This side event will provide an introduction to the UNEP Programme in the Congo, including the following:

UNEP will report on our programme to assist the Congolese govt, including the post-conflict assessment, assistance with the environmental framework law, and facilitation of a stakeholder dialogue in the Virungas region.
The DR Congo government will outline its current and future actions.
The GRASP partnership will outline their latest activities in the country, including new funding for gorilla and chimpanzee conservation activities in Eastern DRC.
CMS will announce latest developments on the Gorilla Agreement, which comes into force on June 1.

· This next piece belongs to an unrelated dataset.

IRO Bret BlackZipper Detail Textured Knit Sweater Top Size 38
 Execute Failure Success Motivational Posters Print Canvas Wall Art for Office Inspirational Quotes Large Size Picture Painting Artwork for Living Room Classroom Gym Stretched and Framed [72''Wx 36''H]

CITES will report on latest figures the Monitoring the Illegal Killing of Elephants (MIKE) programme has collected from Eastern DRC
UNESCO will report on their activities regarding World Heritage Sites in Danger
Professor Ian Swingland will discuss how DRC can benefit from using the market effectively to conserve its biodiversity

For further details, contact:  melanie.virtue at unep.org
 marie.khan at cbd.int or
David Ainsworth at 0170 558 5819 (until 30 May)  david.ainsworth at cbd.int
Information for journalists
To access the live webcast, please visit the home page of the CBD website,
www.cbd.int, and follow the links indicated.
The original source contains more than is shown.